Stable merging two arrays to maximize product of adjacent elements
Lets define c[i,j] as solution of same problem but array start from i to end for left. And j to end for right. So c[0,0] will give solution to original problem.
c[i,j] consists of.
- MaxValue = the max value.
- NeedsPairing = true or false = depending on left most element is unpaired.

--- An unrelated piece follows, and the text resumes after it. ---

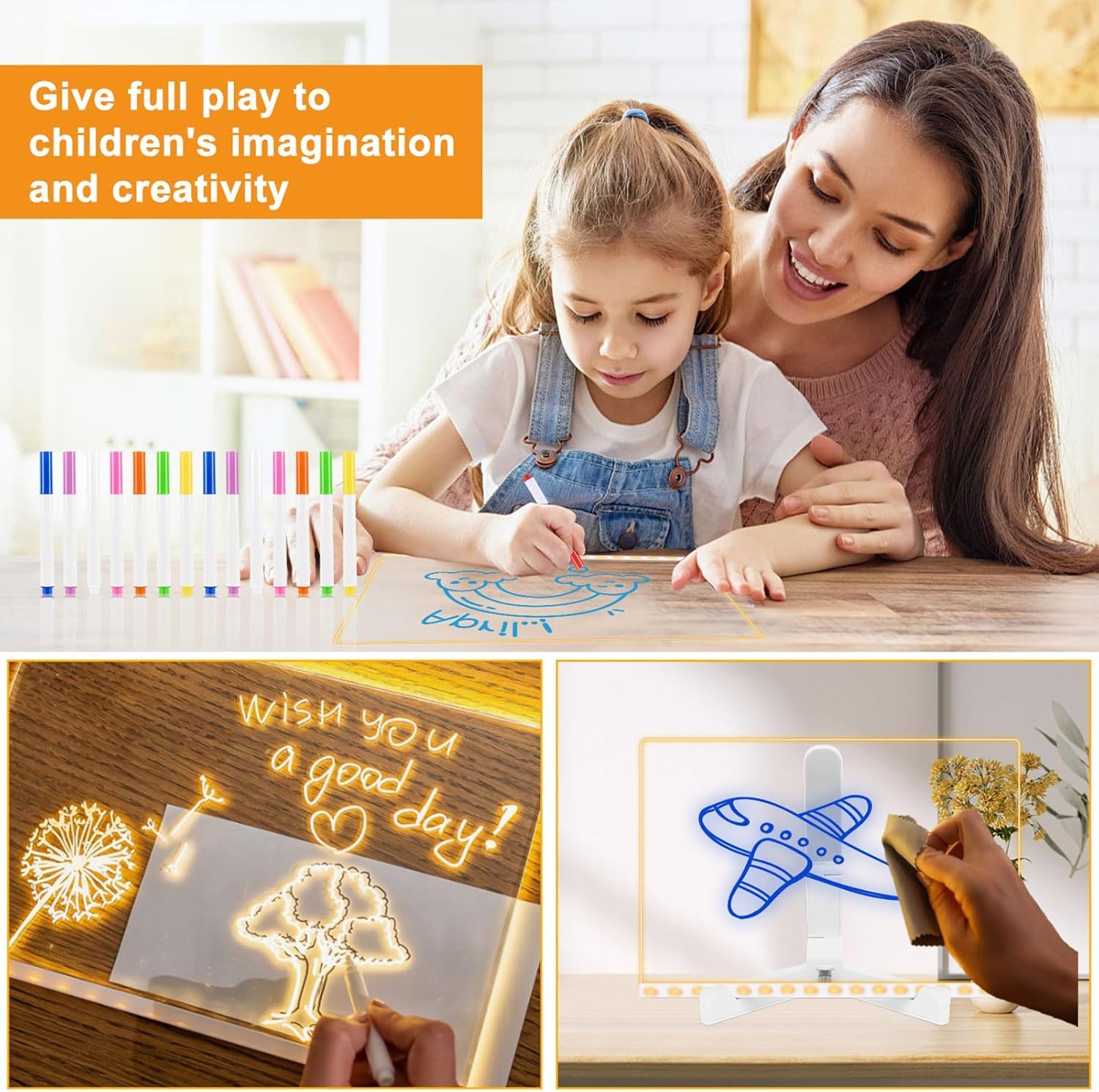 Tableau à dessin lumineux en acrylique, tableau d'affichage lumineux LED, tableau blanc effaçable avec 7 stylos de couleur (lumière chaude). - 5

- Child = [p,q] or NULL = defining child key which ends up optimal sum till this level.
Now defining the optimal substructure for this DP
c[i,j] = if(NeedsPairing) { left[i]*right[j] } + Max { c[i+1, j], c[i, j+1] }
It's captured more in detail in this code.
if (lstart == lend)
{
if (rstart == rend)
{
nodeResult = new NodeData() { Max = 0, Child = null, NeedsPairing = false };
}
else
{
nodeResult = new NodeData()
{
Max = ComputeMax(right, rstart),
NeedsPairing = (rend - rstart) % 2 != 0,
Child = null
};
}
}
else
{
if (rstart == rend)
{
nodeResult = new NodeData()
{
Max = ComputeMax(left, lstart),
NeedsPairing = (lend - lstart) % 2 != 0,
Child = null
};
}
else
{
var downLef = Solve(left, lstart + 1, right, rstart);
var lefResNode = new NodeData()
{
Child = Tuple.Create(lstart + 1, rstart),
};
if (downLef.NeedsPairing)
{
lefResNode.Max = downLef.Max + left[lstart] * right[rstart];
lefResNode.NeedsPairing = false;
}
else
{
lefResNode.Max = downLef.Max;
lefResNode.NeedsPairing = true;
}
var downRt = Solve(left, lstart, right, rstart + 1);
var rtResNode = new NodeData()
{
Child = Tuple.Create(lstart, rstart + 1),
};
if (downRt.NeedsPairing)
{
rtResNode.Max = downRt.Max + right[rstart] * left[lstart];
rtResNode.NeedsPairing = false;
}
else
{
rtResNode.Max = downRt.Max;
rtResNode.NeedsPairing = true;
}
if (lefResNode.Max > rtResNode.Max)
{
nodeResult = lefResNode;
}
else
{
nodeResult = rtResNode;
}
}
}
And we use memoization to prevent solving sub problem again.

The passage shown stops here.